Aside from increasing the penalties prescribed in Commonwealth Act No. 421, Republic Act No. 134 added the portion which states: "or in any manner permits or allow any person not possessing the qualifications required by the Constitution or existing laws to acquire, use, exploit or enjoy a right, franchise, privilege, property or business the exercise and enjoyment of which are expressly reserved by the Constitution or existing laws to citizens of the Philippines or of any other specific country, to intervene in the management, operation, administration or control thereof, whether as an officer, employee or laborer therein, with or without remuneration except technical personnel whose employment may be specifically authorized by the President of the Philippines upon recommendation of the Department Head concerned, if any, ... ."
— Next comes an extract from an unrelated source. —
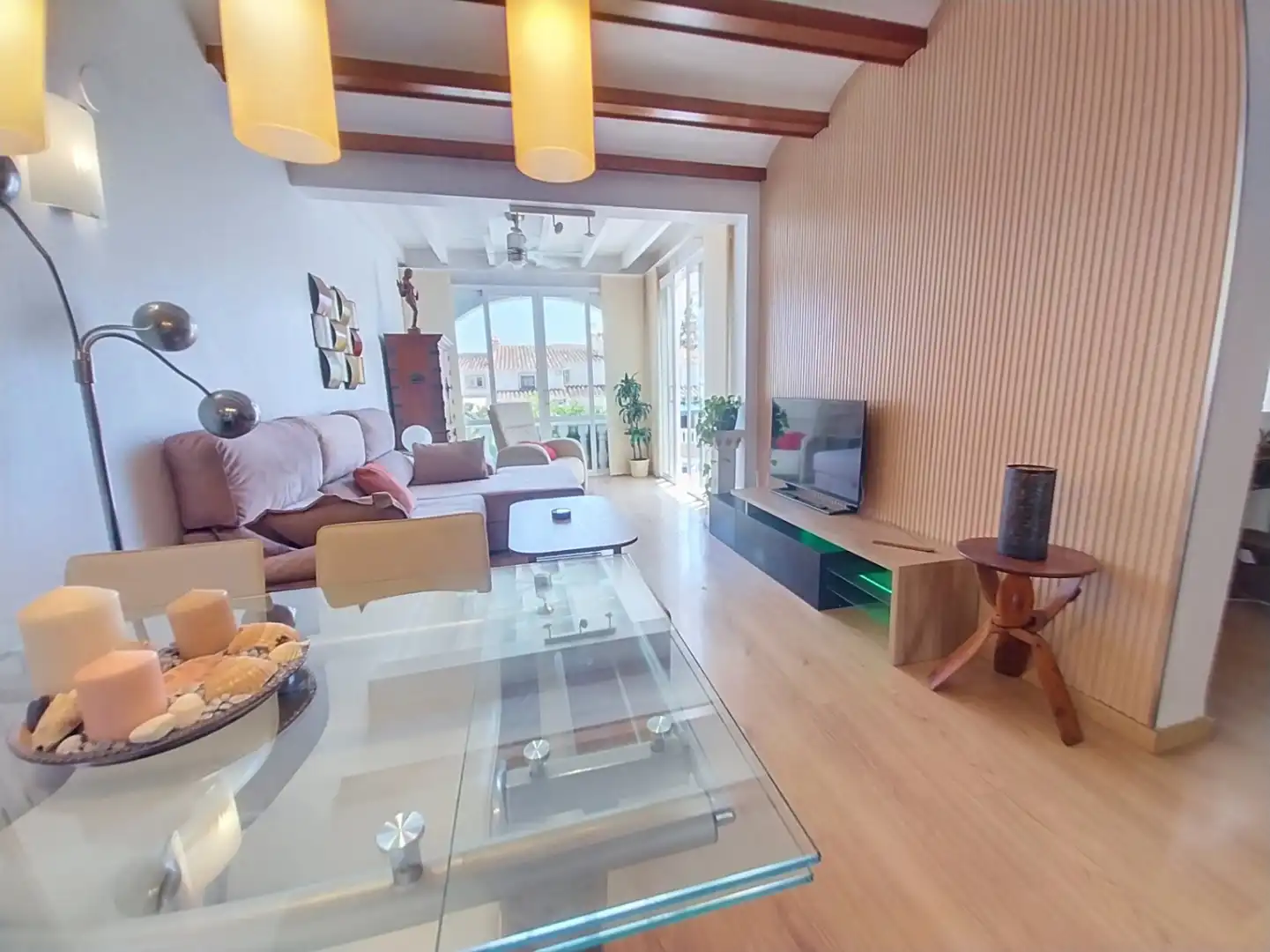 Sala d'estar de Casa o xalet en venda en L'Alfàs del Pi amb Aire condicionat, Jardí privat i Terrassa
The aforequoted Section 2-A penalizes (a) any person, corporation or association having in its name or under its control a right, franchise, privilege, property or business, the exercise or enjoyment of which is expressly reserved by the Constitution or the laws to the citizens of the Philippines or of any other specific country, or to corporations or associations at least sixty per centum of which is owned by such citizens, if such person, corporation or association.
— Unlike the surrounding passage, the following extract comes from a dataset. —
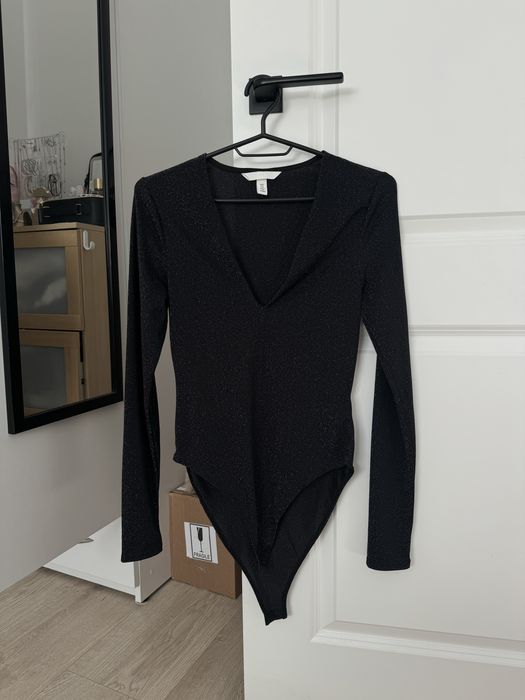 Cekinowe Body z długim rękawem czarne kobiece sexy HM rozmiar S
(1) "permits or allows the use, exploitation or enjoyment thereof by a person, corporation, or association not possessing the requisites prescribed by the Constitution or the laws of the Philippines";
(2) "or leases or in any other way transfers or conveys said right, franchise, privilege, property or business to a person, corporation or association not otherwise qualified under the Constitution or the provisions of existing laws";
(3) "or in any manner permits or allows any person, not possessing the qualifications required by the Constitution or existing laws to acquire, use, exploit or enjoy a right, franchise, privilege, property or business, the exercise and enjoyment of which are expressly reserved by the Constitution or existing laws to citizens of the Philippines or of any other specific country, to intervene in the management, operation, administration or control thereof, whether as an officer, employee or laborer therein in with or without remuneration except technical personnel whose employment may be specifically authorized by the President of the Philippines upon the recommendation of the department head concerned, if any, ... ."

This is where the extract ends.